LETÍCIA SORG. COM JULIANA ELIAS
A resposta de qualquer pai ou mãe, questionado sobre o que deseja para os filhos, está sempre na ponta da língua: “Só quero que sejam felizes”. A frase não deixa dúvidas de que, numa sociedade moderna, livre de muitas das restrições morais e culturais do passado, a felicidade é vista como a maior realização de um indivíduo. Até governos nacionais se viram na obrigação de fazer algo a respeito.
Neste ano, a China e o Reino Unido anunciaram a intenção de medir o grau de felicidade de seus habitantes. Os governantes, espera-se, querem o melhor para seu país, assim como os pais querem o melhor para seus filhos. Mas a ambição de sempre colocar um sorriso no rosto pode ter um efeito contrário. A pressão por ser feliz, condição nada fácil de ser definida, pode acabar reduzindo as chances de as pessoas viverem bem.

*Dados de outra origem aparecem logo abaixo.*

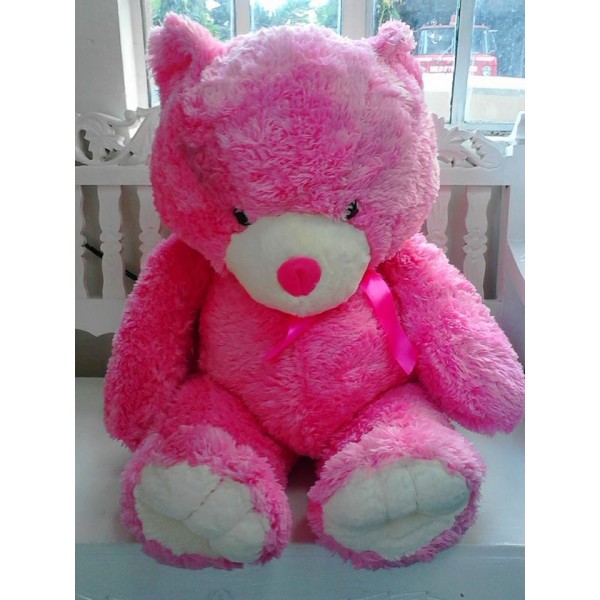 Bear 110
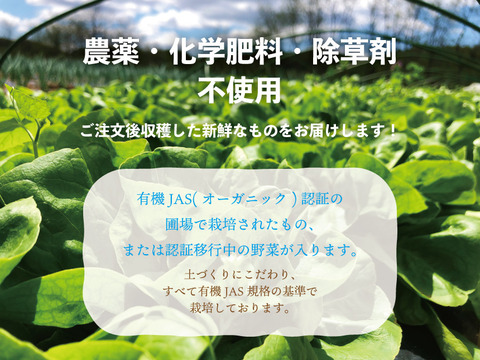 オーガニック旬彩サラダセット10袋　【有機JAS認証】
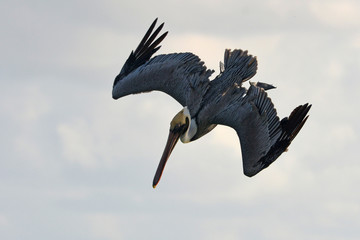 Pelican in flight.
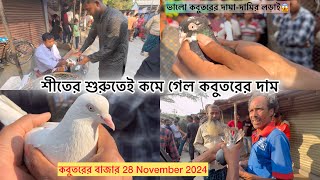 সারদা কবুতর হাটের বর্তমান পরিস্থিতি এবং দাম-দর #কবুতর_কাকা #kobutor_kaka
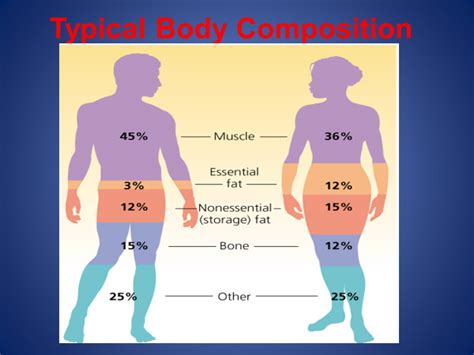 In fact, their primary goal is to push you into proper shape and fitness. Typical Body Composition
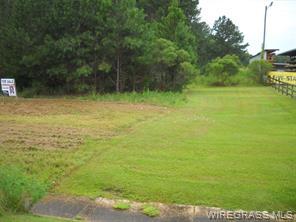 00 Highway 231, Ozark, 앨라바마 36360, 미국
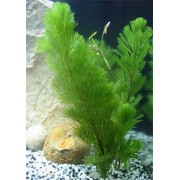 Кабомба каролинская (Cabomba caroliniana) Размер S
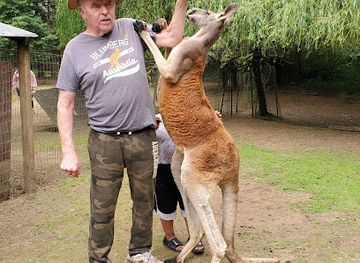 washington/northern-cascades/attraction/the-outback-kangaroo-farm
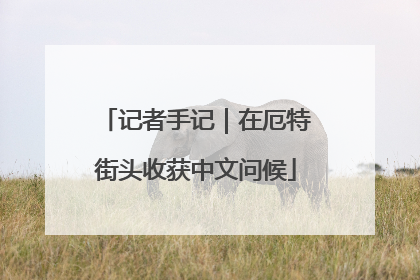 记者手记｜在厄特街头收获中文问候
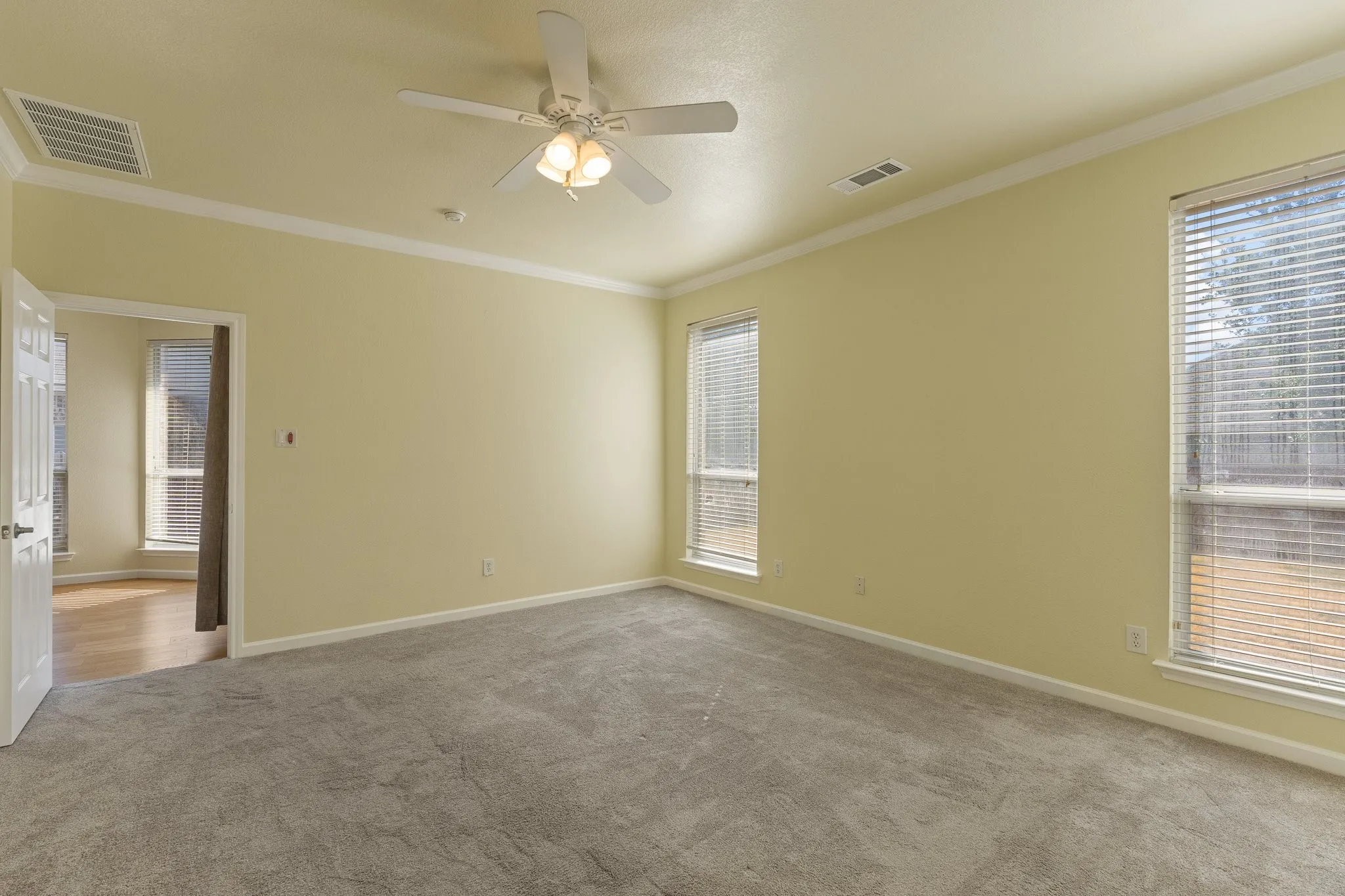 Carpeted room with a ceiling fan, crown molding, and multiple windows with blinds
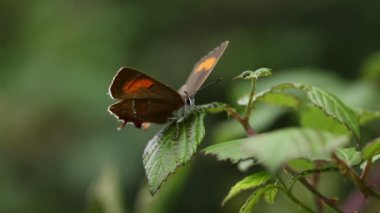 Nadir bir kahverengi saç çizgisi Kelebek, yaprağın üzerinde tünemiş betula.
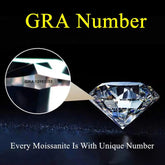 0.3-10ct Rare Oval Cut Moissanite Loose Stone Moissanite Diamond by DSERS
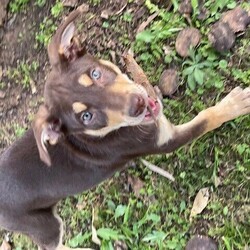 Kelpie Puppies - Beautiful Pure Bred Australian Red Kelpies/Australian Kelpie//Younger Than Six Months,*** HURRY ONLY - TWO PUPS REMAIN ***We are selling nine gorgeous, intelligent purebred Australian Kelpie Puppies, all are red and tan.Mother and father are both off rural properties (Little River - Victoria and Warwick - Queensland) and are available to view. They both are loyal and kind in disposition.First healthy litter.We are registered breeders with Responsible Pet Breeders Australia.I-PNH37JR0W7F4As ethical, amateur breeders we will be fussy, with preference given to potential owners with large yards and or companion dogs.All puppies have been well fed by mum and are transitioning to Blackhawk Puppy Food, Oats and Organic Full Cream Milk.They have had access to our one acre block and are inquisitive, alert and healthy as...They have been wormed every two weeks, are microchipped and vaccinated.At nearly nine weeks old they are truly ready for new owners.All have been regularly handled and loved in abundance by both adults and small children. Three hardy males and six eyecatching females are ready for the right families to make their own. Unless we decide to keep them after all....We live in Thirlmere near Picton NSW and recommend a daytrip to view them on our property. We are not prepared to organise transport as we are prioritising the welfare of these fine animals.Microchip Numbers are 953010005034235 - 37, 52, 58, 63, 66, 69, 73, 89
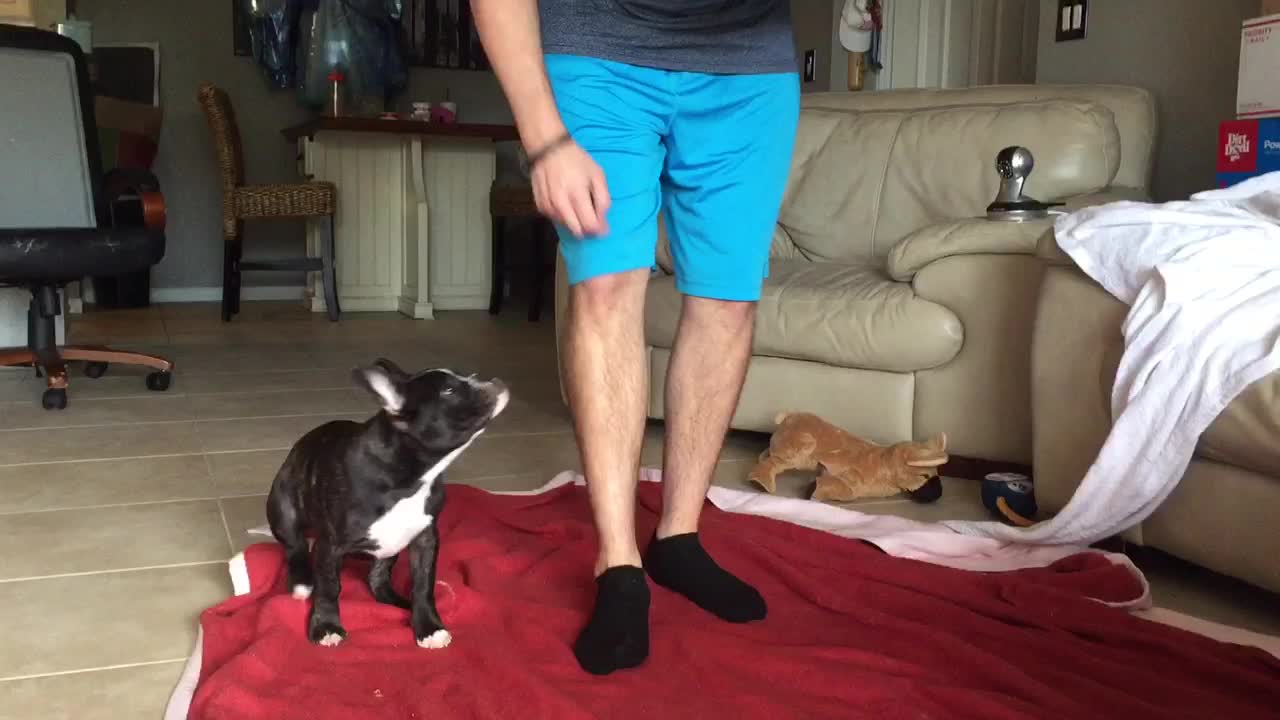 French Bulldog puppy prays before eating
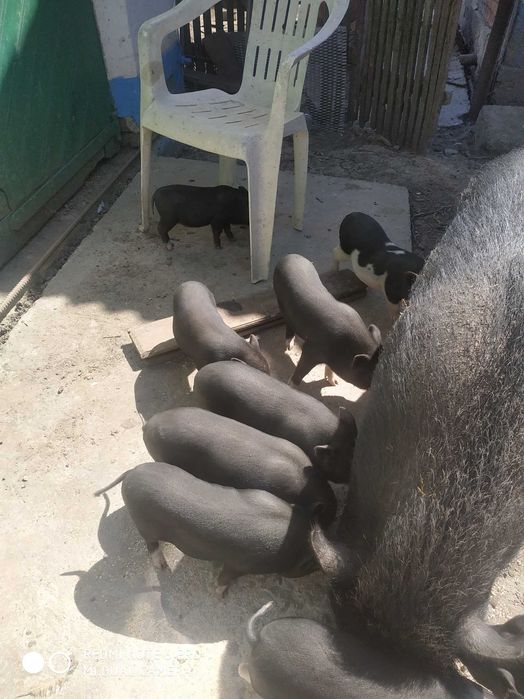 В*єтнамські поросята .льошки з поросятами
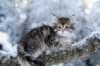 oholibamagirl8weeks29120143_small.jpg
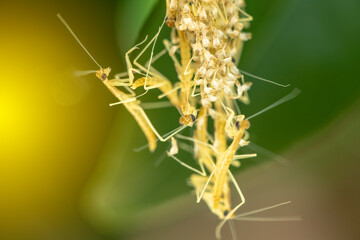 Praying mantis nymphs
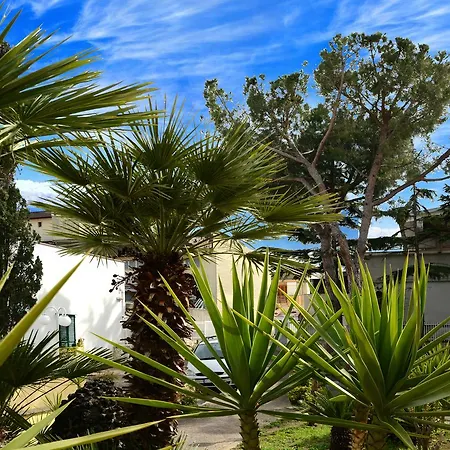 B&B Villa Garden-3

“Quero que meus filhos sejam felizes, mas também que encontrem um
propósito e conquistem seus objetivos”, diz o americano Martin Seligman,
considerado o mestre da psicologia positiva. Depois de estudar a busca da
felicidade por mais de 20 anos, ele afirma ser tolice elegê-la como a única
ambição na vida. Ex-presidente da Associação Americana de Psicologia, professor
da Universidade da Pensilvânia, pai de sete filhos e avô pela quarta vez,
Seligman reviu suas teorias e concluiu que é preciso relativizar a importância
das emoções positivas. “Perseguir apenas a felicidade é enganoso”, diz Seligman
.
Segundo ele, a felicidade
pode tornar a vida um pouco mais agradável. E só. Em seu lugar, o ser humano
deveria buscar um objetivo mais simples e fácil de ser contemplado: o
bem-estar.
Em seu novo livro, Flourish (Florescer),
Seligman apresenta cinco fatores fundamentais para viver bem. A felicidade
(emoções positivas), quem diria, seria apenas um deles, ao lado de propósito,
realização, engajamento e relações pessoais (saiba mais no quadro abaixo).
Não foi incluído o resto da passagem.